AIM OF THE TASK: Write out all records as given; omit images.

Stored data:
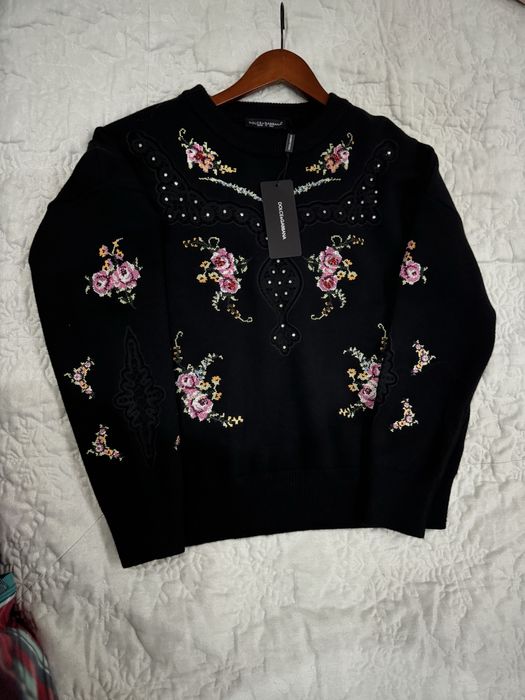 Светр в стилі Dolce Gabbana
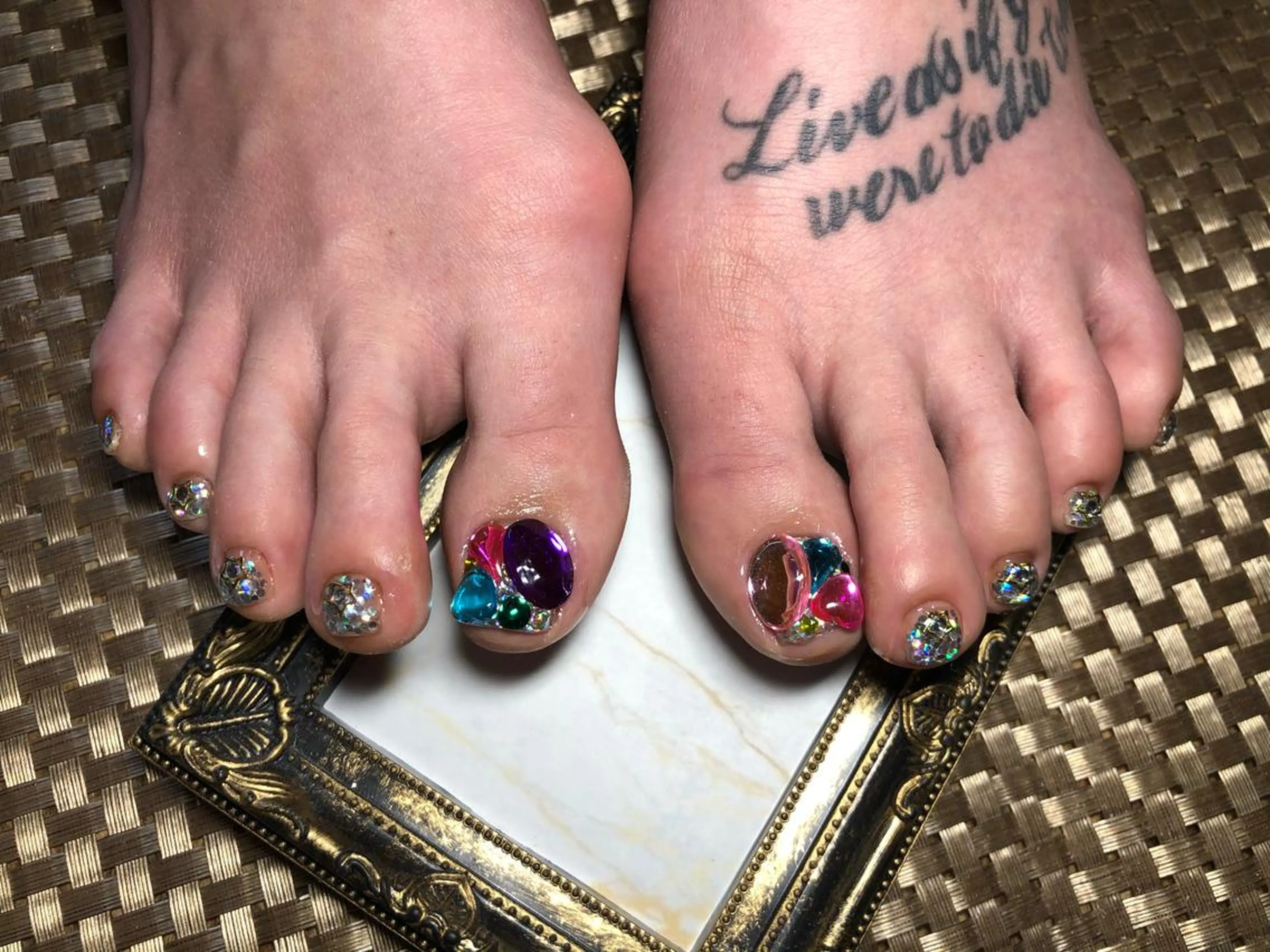 ネイル フットネイル Nail salon Caco.のネイルデザイン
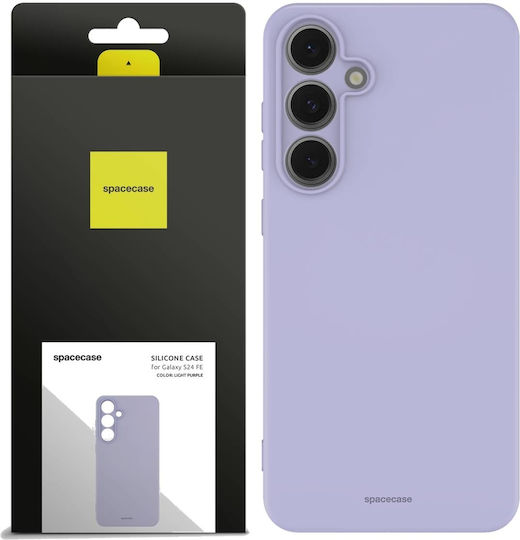 Spacecase Silicone Back Cover Σιλικόνης Μωβ (Galaxy S24 FE)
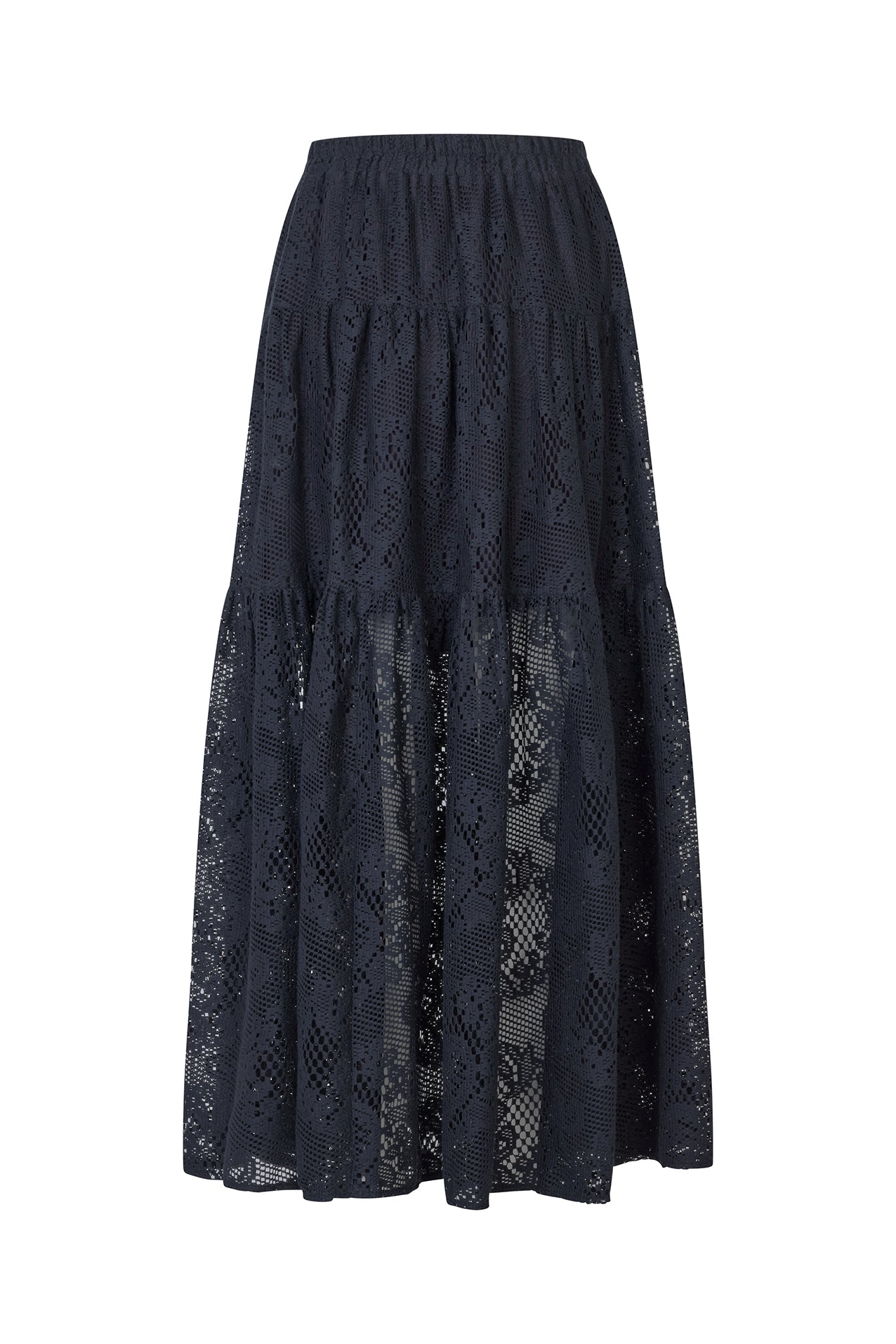 Lollys Laundry SunsetLL Maxi Skirt Skirt 27 Dark Navy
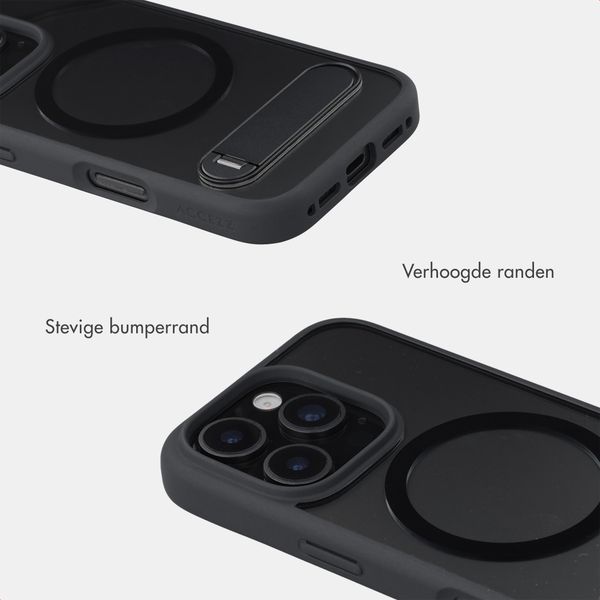 Accezz Hold Backcover met MagSafe Apple iPhone 16 Pro - Black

TASK RESPONSE:
 Светр в стилі Dolce Gabbana
 ネイル フットネイル Nail salon Caco.のネイルデザイン
 Spacecase Silicone Back Cover Σιλικόνης Μωβ (Galaxy S24 FE)
 Lollys Laundry SunsetLL Maxi Skirt Skirt 27 Dark Navy
 Accezz Hold Backcover met MagSafe Apple iPhone 16 Pro - Black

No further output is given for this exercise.